And beyond that, have fun deploying code and trying out the ideas.

Sam Johnston

unread,
Apr 13, 2009, 9:33:15 PM4/13/09
to shor...@googlegroups.com
On Tue, Apr 14, 2009 at 2:47 AM, l.m.orchard <l.m.o...@gmail.com> wrote:

>    - The reverse (rev="canonical") is proposed as a way for a page to
>    indicate short URL(s), but there are a number of problems with this:

I still like rev="canonical", and have yet to be convinced otherwise,
so I'll stick up for it again and give it a rest here:

rev="canonical" is not only fatally flawed but flat out dangerous. There's already been at least one case of confusion between rel and rev (save that it takes a long time for even smart people to grok, and that it's been deprecated) and if you get it wrong you're virtually guaranteed to land yourself in a world of (potentially permanent) hurt with the search engines.
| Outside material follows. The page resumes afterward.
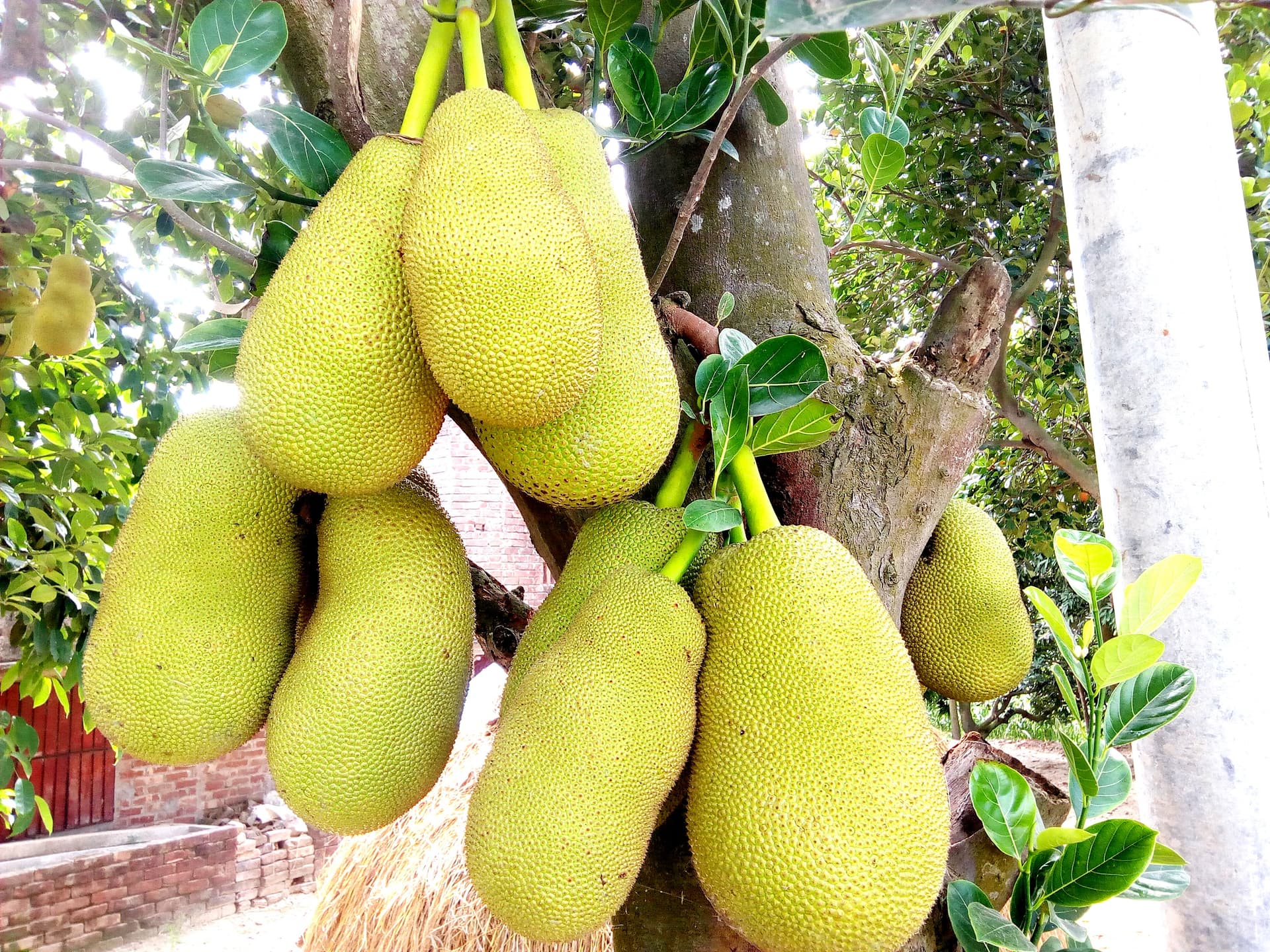 আত্রাইয়ে গাছে গাছে শোভা পাচ্ছে রসালো ফল কাঁঠাল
Promoting rev="canonical" knowing all that is borderline negligent.
 
>       - It only works for *the* canonical URL (if you use it on other pages
>       you're saying "I am the canonical URL and these other things point at me)

This sounds like a feature, not a bug.  Can you point out where this
is undesirable?

Pages are routinely referenced by any number of URLs - for example search results, category listings, etc. as explained in detail here (the first, bold one being the canonical URL):

http://www.example.com/product.php?item=swedish-fish
http://www.example.com/product.php?item=swedish-fish&category=gummy-candy
http://www.example.com/product.php?item=swedish-fish&trackingid=1234&sessionid=5678
 
Given that rev=canonical implies that the page that contains it is the canonical URL it can only be used on the canonical URL itself. That is, if the user rocks up at any one of an infinite number of other pages then you must not include the rev=canonical link.

If the page using rev="canonical" or rel="short{*}" isn't the real
deal, what is and how can I find it?

Hopefully the examples above illustrate well what I'm talking about.
 
>       - It is easily confused with rel="canonical" (which is saying "I
> *am*the canonical URL"), the result being that the short URL is used
> for SEO and sites can be permanently knocked off their perches

Honestly, I've never heard of this before.  Is there a story of this
happening to someone?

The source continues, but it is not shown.